JJSphere : La série s’appelle « Cellule de crise ». Vous, personnellement, comment est-ce que vous gérez une crise ?
André Dussollier : Ah ! Bonne question ! Ah lala… J’aimerais pouvoir être toujours zen et serein. Mais ce n’est pas toujours évident (rires) ! Et pourtant c’est bien ça qu’il faut avoir comme sentiment vis-à-vis d’un moment de crise. Avoir la bonne hauteur. Mais quelquefois, on n’a pas le choix, quoi. C’est épidermique. J’ai l’air un peu calme, comme ça, c’est un peu ma nature. Je n’aime pas les conflits, je n’aime pas la violence. Mais dans la vie, il y a des moments où vous n’avez pas le choix. Où vous avez des pulsions difficiles à contrôler.
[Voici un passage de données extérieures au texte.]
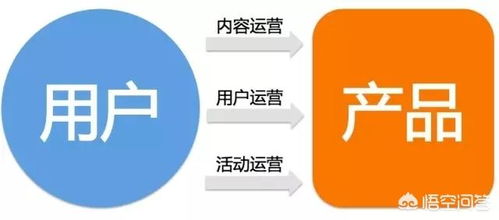大学专业选择指南 数字内容制作服务与互联网运营
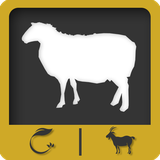 sheep.chaparel.ir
JJSphere : Est-ce que vous pensez qu’aujourd’hui on peut encore être idéaliste ? À l’image du personnage d’Isabelle Caillat au début de la série « Cellule de crise ».
André Dussollier : Je l’espère, oui. Oui, j’y crois quand même. Parce que la planète est en danger, on en parle beaucoup. Je vois bien les nouvelles générations qui sont vraiment très attentives. Moi j’ai deux enfants de 31 et 27 ans qui sont très sensibles à ce problème écologique. Donc, on peut être idéaliste, changer notre manière de vivre, et peut-être aussi le système dans lequel on vit qui n’est pas forcément le meilleur qui soit.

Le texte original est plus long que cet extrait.